YOUR TASK: The lines below, from the one holding "栀子花勿忘我手绳Diy纯手工编绳手链饰品闺蜜女友礼物可调节" through the one holding "Songhor Persian Rug", are to be restated word for word, with all images left out.

PROVIDED MATERIAL:
↓↓↓
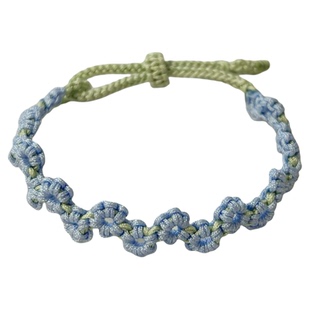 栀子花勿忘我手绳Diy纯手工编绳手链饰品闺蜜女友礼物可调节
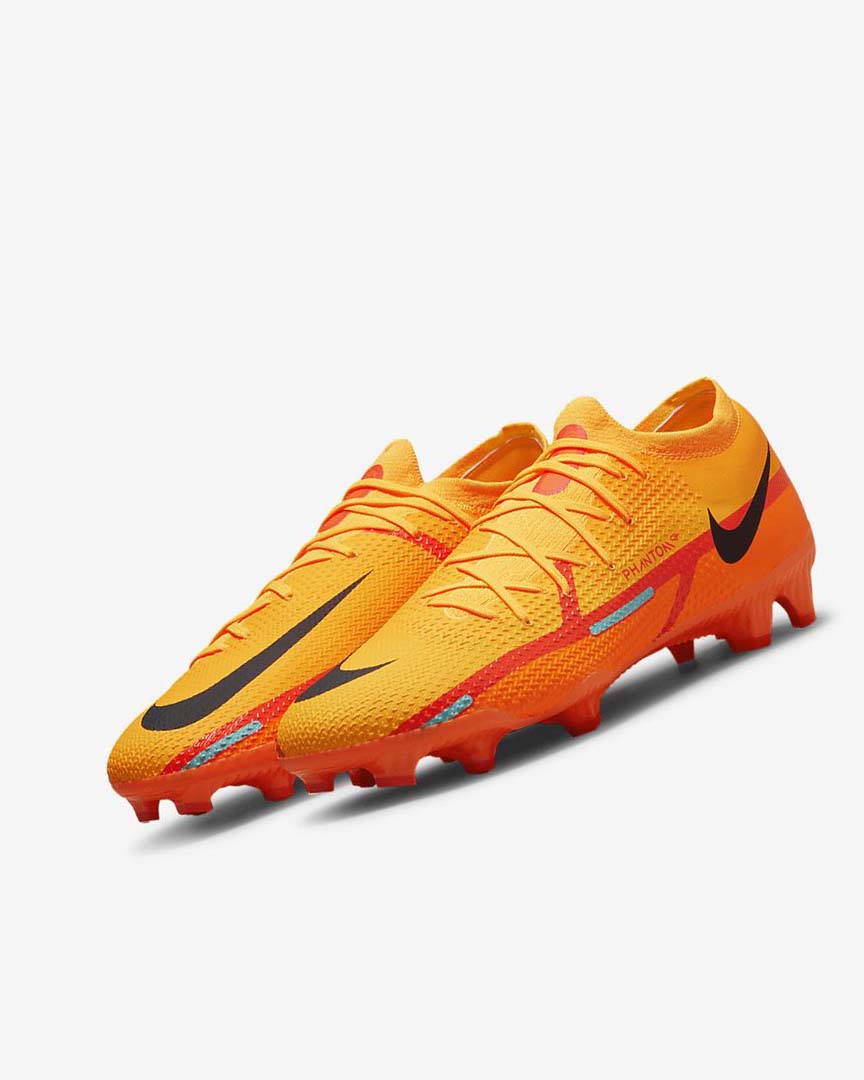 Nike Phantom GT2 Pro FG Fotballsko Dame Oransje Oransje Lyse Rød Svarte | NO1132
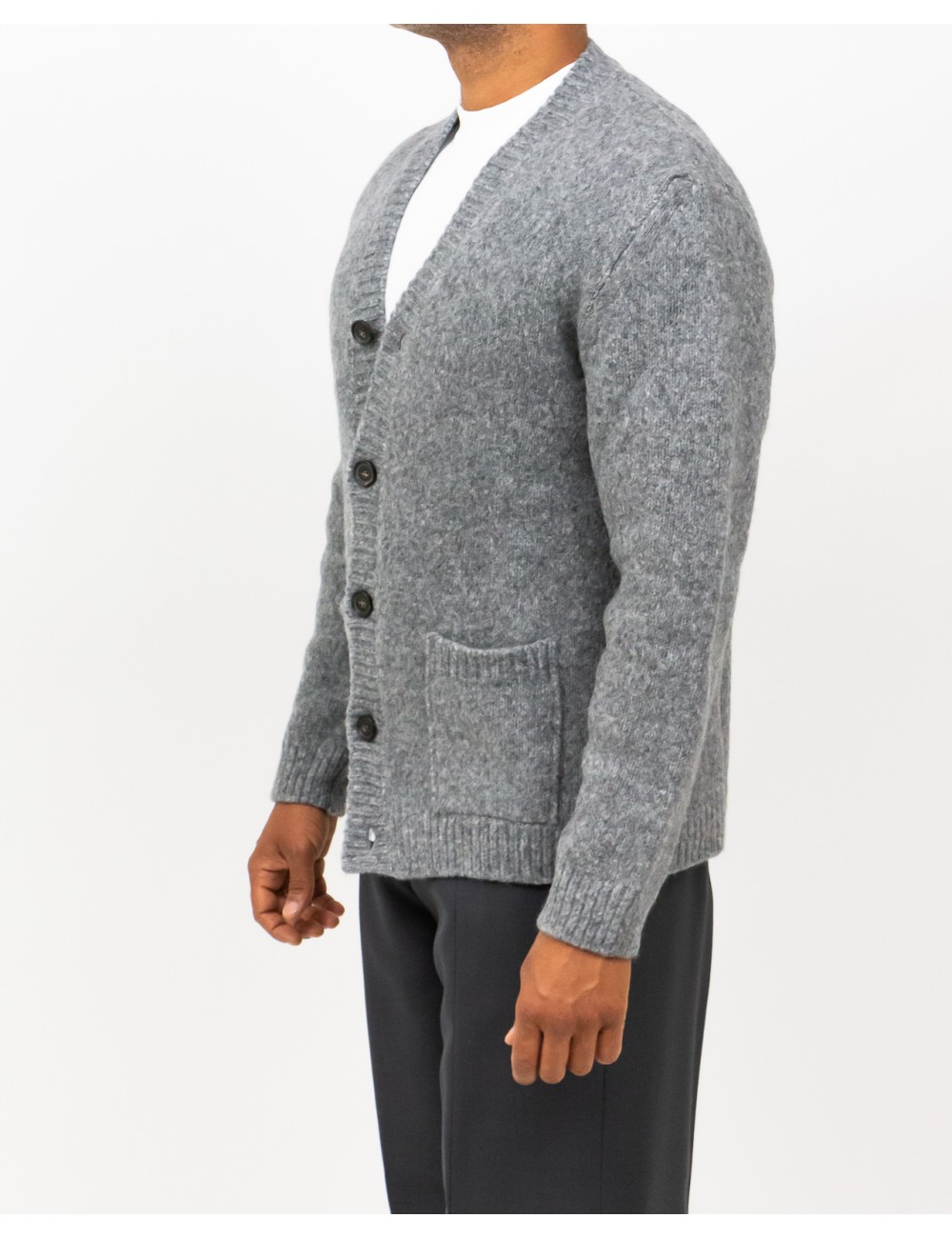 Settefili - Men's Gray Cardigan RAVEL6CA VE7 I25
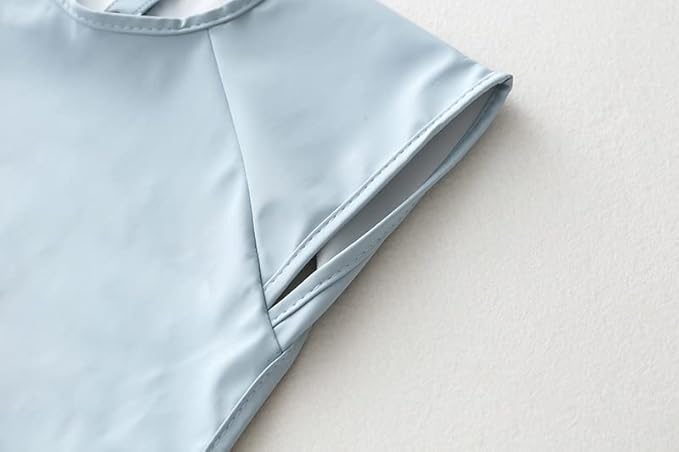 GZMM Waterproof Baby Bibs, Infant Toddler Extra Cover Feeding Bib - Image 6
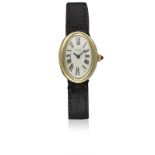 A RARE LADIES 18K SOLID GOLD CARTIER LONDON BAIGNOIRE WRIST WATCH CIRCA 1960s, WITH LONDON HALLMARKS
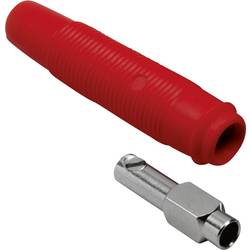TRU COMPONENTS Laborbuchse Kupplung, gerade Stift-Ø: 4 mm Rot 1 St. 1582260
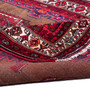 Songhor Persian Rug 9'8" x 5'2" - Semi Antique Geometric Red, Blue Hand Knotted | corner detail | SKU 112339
↑↑↑
↓↓↓
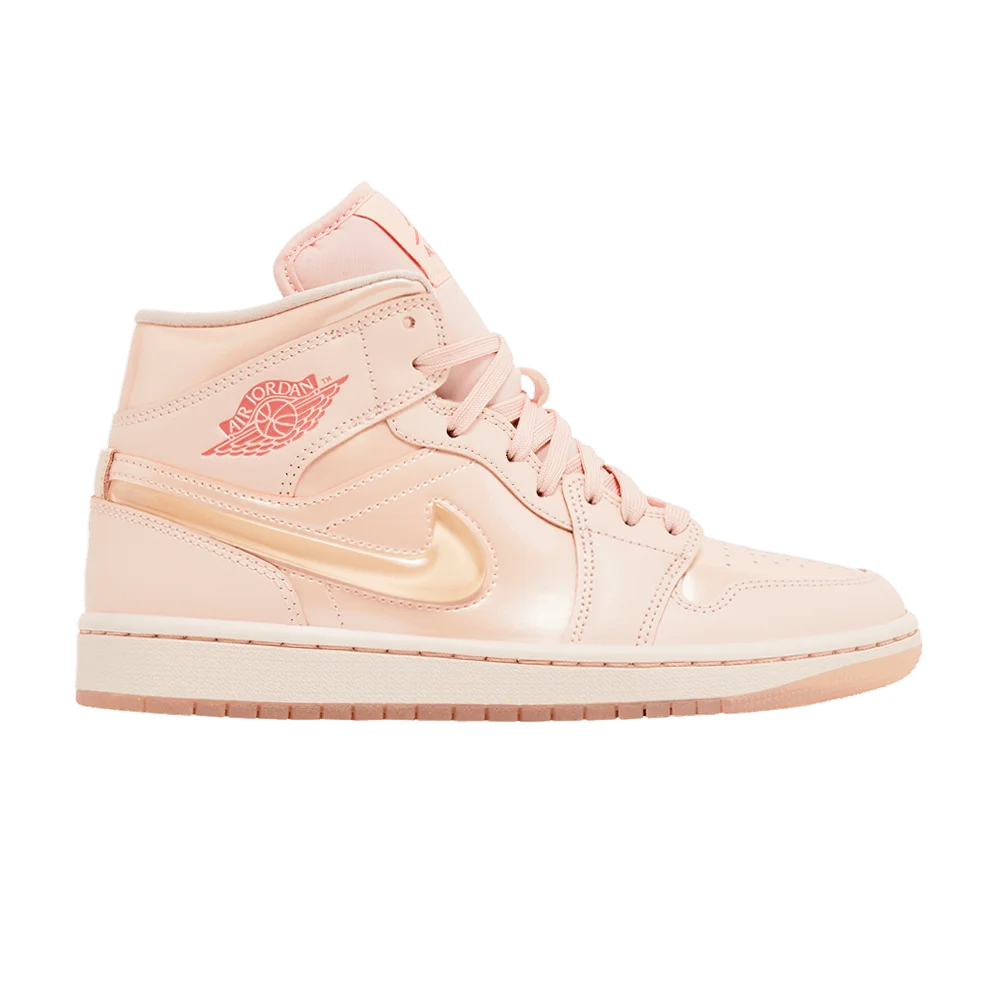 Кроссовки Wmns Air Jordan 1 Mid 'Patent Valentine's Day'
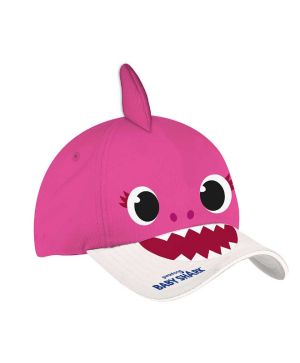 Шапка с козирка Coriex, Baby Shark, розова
↑↑↑
RESULT FOR THIS TASK:
 栀子花勿忘我手绳Diy纯手工编绳手链饰品闺蜜女友礼物可调节
 Nike Phantom GT2 Pro FG Fotballsko Dame Oransje Oransje Lyse Rød Svarte | NO1132
 Settefili - Men's Gray Cardigan RAVEL6CA VE7 I25
 GZMM Waterproof Baby Bibs, Infant Toddler Extra Cover Feeding Bib - Image 6
 A RARE LADIES 18K SOLID GOLD CARTIER LONDON BAIGNOIRE WRIST WATCH CIRCA 1960s, WITH LONDON HALLMARKS
TRU COMPONENTS Laborbuchse Kupplung, gerade Stift-Ø: 4 mm Rot 1 St. 1582260
 Songhor Persian Rug 9'8" x 5'2" - Semi Antique Geometric Red, Blue Hand Knotted | corner detail | SKU 112339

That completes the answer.